_TRY IT_
Return exactly the lines of the records below, starting at the line that contains "elevator in Collection O Khaosan Park" and ending at the line that contains "Casa en Venta", with both of those lines kept.

[[ DATA open ]]

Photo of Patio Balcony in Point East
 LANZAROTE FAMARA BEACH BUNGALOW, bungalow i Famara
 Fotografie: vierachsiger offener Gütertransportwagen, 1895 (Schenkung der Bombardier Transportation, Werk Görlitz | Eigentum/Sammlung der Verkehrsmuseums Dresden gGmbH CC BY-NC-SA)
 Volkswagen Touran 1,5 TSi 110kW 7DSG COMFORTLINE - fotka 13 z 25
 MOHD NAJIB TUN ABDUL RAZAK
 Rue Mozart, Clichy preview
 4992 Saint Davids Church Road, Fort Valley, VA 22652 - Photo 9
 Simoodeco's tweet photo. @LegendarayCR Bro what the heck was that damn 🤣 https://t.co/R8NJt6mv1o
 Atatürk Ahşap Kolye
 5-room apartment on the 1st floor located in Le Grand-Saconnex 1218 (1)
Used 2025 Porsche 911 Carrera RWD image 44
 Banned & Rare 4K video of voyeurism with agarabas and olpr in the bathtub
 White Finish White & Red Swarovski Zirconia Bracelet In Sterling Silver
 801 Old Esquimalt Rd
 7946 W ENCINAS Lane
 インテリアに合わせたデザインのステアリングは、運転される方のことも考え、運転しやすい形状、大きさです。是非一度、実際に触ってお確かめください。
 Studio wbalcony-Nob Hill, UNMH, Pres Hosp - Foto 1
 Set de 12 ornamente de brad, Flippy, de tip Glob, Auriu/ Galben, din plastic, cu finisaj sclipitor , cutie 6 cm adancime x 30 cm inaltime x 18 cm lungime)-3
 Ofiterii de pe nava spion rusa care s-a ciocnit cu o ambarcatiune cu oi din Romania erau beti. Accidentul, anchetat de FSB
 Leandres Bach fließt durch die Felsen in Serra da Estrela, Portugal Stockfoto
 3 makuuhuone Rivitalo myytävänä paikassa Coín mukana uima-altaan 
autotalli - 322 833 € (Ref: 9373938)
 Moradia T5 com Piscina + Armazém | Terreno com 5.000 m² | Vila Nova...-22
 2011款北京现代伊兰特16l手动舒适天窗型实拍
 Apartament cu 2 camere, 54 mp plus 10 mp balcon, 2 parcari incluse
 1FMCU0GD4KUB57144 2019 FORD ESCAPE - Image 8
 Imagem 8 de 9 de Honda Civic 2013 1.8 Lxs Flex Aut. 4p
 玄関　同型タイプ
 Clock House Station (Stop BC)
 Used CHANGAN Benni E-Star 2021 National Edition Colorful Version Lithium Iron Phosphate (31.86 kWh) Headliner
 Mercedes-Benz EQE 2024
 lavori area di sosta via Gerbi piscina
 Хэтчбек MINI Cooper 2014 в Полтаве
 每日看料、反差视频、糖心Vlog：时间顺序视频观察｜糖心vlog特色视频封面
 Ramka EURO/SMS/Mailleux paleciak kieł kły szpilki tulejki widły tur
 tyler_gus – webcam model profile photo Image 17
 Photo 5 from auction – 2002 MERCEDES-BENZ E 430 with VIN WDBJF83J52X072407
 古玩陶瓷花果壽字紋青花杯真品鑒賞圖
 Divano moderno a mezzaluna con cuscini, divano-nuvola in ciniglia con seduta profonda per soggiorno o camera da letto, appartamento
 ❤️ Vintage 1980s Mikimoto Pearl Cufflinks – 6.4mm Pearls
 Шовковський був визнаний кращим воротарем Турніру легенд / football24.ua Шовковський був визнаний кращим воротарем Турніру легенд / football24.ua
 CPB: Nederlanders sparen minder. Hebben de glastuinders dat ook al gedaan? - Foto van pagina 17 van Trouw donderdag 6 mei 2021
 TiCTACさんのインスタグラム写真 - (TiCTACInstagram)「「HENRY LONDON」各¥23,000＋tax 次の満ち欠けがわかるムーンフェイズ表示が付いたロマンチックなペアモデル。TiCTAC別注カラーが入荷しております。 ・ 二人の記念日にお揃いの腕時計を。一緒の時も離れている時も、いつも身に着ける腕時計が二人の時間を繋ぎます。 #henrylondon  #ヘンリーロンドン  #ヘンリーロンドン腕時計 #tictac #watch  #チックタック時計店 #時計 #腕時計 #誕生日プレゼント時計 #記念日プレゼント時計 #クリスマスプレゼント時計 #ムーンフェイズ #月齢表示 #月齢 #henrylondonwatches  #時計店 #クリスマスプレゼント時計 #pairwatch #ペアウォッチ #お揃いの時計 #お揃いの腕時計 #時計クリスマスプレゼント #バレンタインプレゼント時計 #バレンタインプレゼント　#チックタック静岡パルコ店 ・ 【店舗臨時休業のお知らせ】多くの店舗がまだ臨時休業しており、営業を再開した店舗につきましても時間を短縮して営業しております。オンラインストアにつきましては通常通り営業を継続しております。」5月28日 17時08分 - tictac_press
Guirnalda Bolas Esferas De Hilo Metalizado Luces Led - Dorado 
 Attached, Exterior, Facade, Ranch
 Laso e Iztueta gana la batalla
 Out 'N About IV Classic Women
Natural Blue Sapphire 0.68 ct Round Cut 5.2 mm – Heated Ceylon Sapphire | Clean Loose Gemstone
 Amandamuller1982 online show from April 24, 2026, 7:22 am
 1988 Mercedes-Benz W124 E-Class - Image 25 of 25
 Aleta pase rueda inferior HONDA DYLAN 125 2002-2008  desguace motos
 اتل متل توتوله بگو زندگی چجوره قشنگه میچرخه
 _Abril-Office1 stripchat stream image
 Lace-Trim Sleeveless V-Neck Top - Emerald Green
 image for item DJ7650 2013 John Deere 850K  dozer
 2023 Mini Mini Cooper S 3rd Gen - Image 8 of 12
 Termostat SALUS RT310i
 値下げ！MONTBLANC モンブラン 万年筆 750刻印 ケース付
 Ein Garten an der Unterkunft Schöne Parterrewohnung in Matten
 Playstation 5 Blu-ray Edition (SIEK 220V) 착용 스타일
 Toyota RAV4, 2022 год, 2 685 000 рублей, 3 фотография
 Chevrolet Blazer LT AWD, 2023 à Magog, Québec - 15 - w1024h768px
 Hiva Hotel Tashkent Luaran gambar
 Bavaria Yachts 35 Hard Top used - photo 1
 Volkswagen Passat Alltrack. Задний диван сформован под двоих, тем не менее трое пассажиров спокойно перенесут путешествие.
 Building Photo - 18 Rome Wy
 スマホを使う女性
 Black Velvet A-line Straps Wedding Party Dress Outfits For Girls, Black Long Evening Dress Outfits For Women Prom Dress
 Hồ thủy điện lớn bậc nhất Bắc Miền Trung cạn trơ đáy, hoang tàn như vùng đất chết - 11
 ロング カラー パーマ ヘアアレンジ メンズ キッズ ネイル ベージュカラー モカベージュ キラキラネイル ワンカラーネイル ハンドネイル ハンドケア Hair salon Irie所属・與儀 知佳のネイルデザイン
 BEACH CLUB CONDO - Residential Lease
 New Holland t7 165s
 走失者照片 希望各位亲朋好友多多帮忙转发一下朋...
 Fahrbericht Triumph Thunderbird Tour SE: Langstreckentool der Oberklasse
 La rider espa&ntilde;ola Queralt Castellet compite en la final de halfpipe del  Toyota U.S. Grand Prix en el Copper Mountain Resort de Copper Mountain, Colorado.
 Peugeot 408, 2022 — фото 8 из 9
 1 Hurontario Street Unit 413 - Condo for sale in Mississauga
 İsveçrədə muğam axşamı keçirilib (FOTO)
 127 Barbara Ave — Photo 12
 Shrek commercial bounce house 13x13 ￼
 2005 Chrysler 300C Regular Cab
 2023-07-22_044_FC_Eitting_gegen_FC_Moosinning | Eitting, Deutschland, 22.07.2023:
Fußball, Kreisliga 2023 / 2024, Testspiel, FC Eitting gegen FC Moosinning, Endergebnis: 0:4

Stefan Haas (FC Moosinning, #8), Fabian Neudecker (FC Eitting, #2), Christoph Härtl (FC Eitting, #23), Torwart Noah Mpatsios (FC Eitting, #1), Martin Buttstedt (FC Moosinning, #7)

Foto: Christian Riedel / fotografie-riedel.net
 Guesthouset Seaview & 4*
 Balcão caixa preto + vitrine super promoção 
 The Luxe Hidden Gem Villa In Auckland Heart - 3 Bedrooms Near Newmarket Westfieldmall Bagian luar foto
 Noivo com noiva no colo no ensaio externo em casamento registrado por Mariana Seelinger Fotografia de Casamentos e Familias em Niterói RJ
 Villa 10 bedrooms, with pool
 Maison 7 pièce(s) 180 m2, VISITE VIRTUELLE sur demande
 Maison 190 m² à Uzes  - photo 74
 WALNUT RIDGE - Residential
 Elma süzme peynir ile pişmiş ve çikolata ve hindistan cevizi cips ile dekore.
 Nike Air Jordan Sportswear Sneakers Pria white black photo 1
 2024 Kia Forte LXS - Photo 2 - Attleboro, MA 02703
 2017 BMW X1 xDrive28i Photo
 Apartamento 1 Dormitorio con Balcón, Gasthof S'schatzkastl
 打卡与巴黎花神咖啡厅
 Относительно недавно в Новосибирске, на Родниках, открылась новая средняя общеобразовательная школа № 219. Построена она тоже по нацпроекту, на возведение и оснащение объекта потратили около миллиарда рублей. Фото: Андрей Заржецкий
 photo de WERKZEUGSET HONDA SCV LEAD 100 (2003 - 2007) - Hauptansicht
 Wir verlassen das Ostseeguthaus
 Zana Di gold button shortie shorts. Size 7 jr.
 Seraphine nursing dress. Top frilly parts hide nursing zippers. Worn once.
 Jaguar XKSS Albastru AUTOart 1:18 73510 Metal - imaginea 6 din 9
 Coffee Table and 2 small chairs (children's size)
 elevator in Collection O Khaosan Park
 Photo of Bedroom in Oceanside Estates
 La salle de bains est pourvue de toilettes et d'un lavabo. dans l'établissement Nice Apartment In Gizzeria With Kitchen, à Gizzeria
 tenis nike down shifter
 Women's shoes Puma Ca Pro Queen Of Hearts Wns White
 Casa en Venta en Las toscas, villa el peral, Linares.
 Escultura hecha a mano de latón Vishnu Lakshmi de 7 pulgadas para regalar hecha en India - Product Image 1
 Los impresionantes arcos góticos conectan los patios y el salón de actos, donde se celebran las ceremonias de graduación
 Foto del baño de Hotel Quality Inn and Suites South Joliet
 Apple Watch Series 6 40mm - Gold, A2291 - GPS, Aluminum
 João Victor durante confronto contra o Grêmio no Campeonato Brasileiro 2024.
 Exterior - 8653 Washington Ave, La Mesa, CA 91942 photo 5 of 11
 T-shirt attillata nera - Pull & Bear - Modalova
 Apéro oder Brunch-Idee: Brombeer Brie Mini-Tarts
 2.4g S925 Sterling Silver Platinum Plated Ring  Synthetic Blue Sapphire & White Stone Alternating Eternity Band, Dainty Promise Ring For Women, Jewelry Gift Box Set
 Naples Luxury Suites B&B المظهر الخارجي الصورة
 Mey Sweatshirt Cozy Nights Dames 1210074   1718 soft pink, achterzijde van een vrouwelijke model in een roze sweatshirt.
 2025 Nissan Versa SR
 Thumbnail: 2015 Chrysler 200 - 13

[[ DATA closed ]]

_EXERCISE SOLUTION_
 elevator in Collection O Khaosan Park
 Photo of Bedroom in Oceanside Estates
 La salle de bains est pourvue de toilettes et d'un lavabo. dans l'établissement Nice Apartment In Gizzeria With Kitchen, à Gizzeria
 tenis nike down shifter
 Women's shoes Puma Ca Pro Queen Of Hearts Wns White
 Casa en Venta en Las toscas, villa el peral, Linares.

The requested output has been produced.